Vicky wanted a better reason for being saved than just an escape from
hell. And so I offer this,
“You don’t have to pretend anymore.”
Those who mourn are able to face the grief of their hellish
experiences and to meet God there. There
is no more pretending, and certainly church is the last place where we
should need to pretend that everything is coming up roses. II. There Is More Caring Secondly,
I want to tell Vicky that a better reason for being saved, a better reason
for becoming a Christian is that she will discover the meaning of caring.
I have a plaque that reads, “The Irish say your trouble is their
trouble, and your joy is their joy.”
That is as good a definition of caring as I know. Yet those
of you who have been raised by over-protective parents or who have friends
whose support can seem suffocating at times may feel that you have been
cared for to death. You are
well-acquainted with that person Virginia Glasgow describes,
“She loves to help others; you could tell the others by their
hunted look.” Maybe your
theme song has become that well-known country-western ballad, “I’m so
miserable without you it’s almost like you were here!” In spite
of all of that, I say to you, don’t knock it.
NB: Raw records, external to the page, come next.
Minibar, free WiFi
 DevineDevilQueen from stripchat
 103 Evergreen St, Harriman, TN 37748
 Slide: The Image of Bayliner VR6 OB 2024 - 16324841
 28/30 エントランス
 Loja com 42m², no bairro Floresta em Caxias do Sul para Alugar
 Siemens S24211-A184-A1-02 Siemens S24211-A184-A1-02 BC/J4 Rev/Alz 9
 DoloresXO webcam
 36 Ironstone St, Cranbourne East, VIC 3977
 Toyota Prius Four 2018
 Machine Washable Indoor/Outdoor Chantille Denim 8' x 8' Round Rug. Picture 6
Be thankful for those over-protective parents.
Be grateful for those concerned friends.
At least their heart is in the right place.
And be thankful for the influence of the Christian Faith on our
culture as it has produced agencies of compassion from the United Way to the
Salvation Army, from Guilda’s House to Degage’, and from God’s Kitchen
to the Westminster Food Pantry. In a
world of many religions the great besetting sin of liberal religion is to
appear intolerant or (God forbid) imply the superiority of one religion over
another. But I am a Christian
and clearly one of the great marks of the Christian faith as we have learned
it from our leader is the exercise of compassion – food for the hungry,
water for the thirsty, shelter for the homeless, and healing for the sick. Certainly,
compassion is not the exclusive domain of Christianity, but it is safe to
say that more than any other group worldwide our institutions are present to
reach out and to build up, to educate and to heal.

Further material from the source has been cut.